- KPK menangkap Bupati Cilacap Syamsul Auliya Rachman dan 26 orang pada 13 Maret 2026 terkait dugaan suap proyek infrastruktur.
- Penangkapan Bupati Cilacap ini merupakan OTT kesembilan KPK sejak awal tahun 2026, menunjukkan intensitas pengawasan tinggi.
- Para pihak yang diamankan sedang diperiksa intensif oleh penyidik KPK sebelum status hukumnya ditetapkan dalam 1x24 jam.
Lembaga antirasuah pada 20 Januari 2026, mengumumkan Maidi sebagai salah satu tersangka dugaan korupsi dalam bentuk pemerasan dengan modus imbalan proyek dan dana CSR serta penerimaan lainnya atau gratifikasi di lingkungan Pemerintah Kota Madiun, Jawa Timur.

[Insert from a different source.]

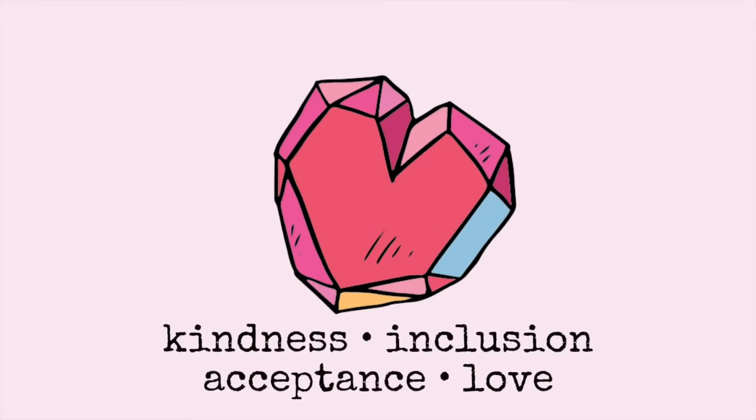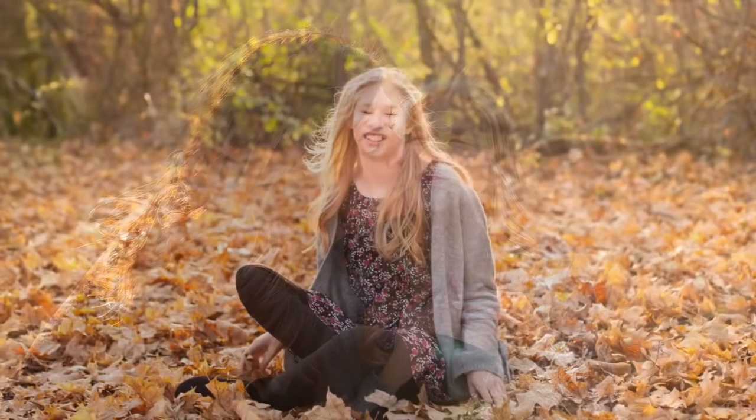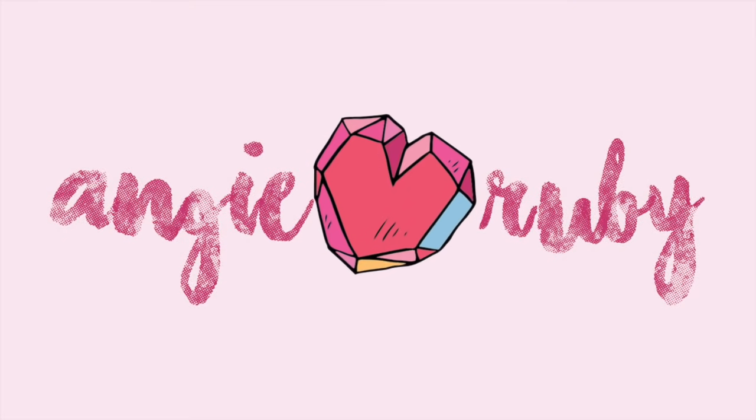Hey guys! So today I'm going to be doing a Q&A all about Strom syndrome. We get a ton of questions about Strom syndrome — people want to know what it is, how does it affect Ruby's life, and so many other things. So I am taking some questions that have been asked of me by a student. She had so many great questions and I thought that it would make a great video to share with everybody. So here we go!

Pada hari yang sama dengan penangkapan Wali Kota Madiun, tim KPK juga bergerak ke wilayah lain di Jawa Tengah. Pada 19 Januari 2026, KPK melakukan OTT ketiga dan menangkap Bupati Pati Sudewo. Pada 20 Januari 2026, KPK mengumumkan Sudewo sebagai salah satu tersangka dugaan pemerasan dalam pengisian jabatan perangkat desa di lingkungan Pemerintah Kabupaten Pati, Jawa Tengah.

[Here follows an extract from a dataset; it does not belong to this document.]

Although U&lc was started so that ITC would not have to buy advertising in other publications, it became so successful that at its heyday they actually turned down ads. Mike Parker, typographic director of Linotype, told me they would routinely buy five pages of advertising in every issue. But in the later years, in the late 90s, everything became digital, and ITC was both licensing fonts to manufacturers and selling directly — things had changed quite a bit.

Memasuki bulan Februari, KPK menyasar sektor perpajakan di luar Pulau Jawa. OTT keempat, pada 4 Februari 2026, yakni di lingkungan KPP Madya Banjarmasin, Kalimantan Selatan. Penangkapan terkait proses restitusi pajak di lingkungan KPP tersebut.
Masih di tanggal yang sama, KPK mengungkap praktik ilegal di sektor kepabeanan. Pada 4 Februari 2026, KPK mengumumkan OTT kelima terkait importasi barang KW atau tiruan. Salah satu yang ditangkap adalah mantan Direktur Penindakan dan Penyidikan pada Direktorat Jenderal Bea dan Cukai Kemenkeu Rizal, yang sedang menjabat sebagai Kepala Kantor Wilayah Bea Cukai Sumatera Bagian Barat.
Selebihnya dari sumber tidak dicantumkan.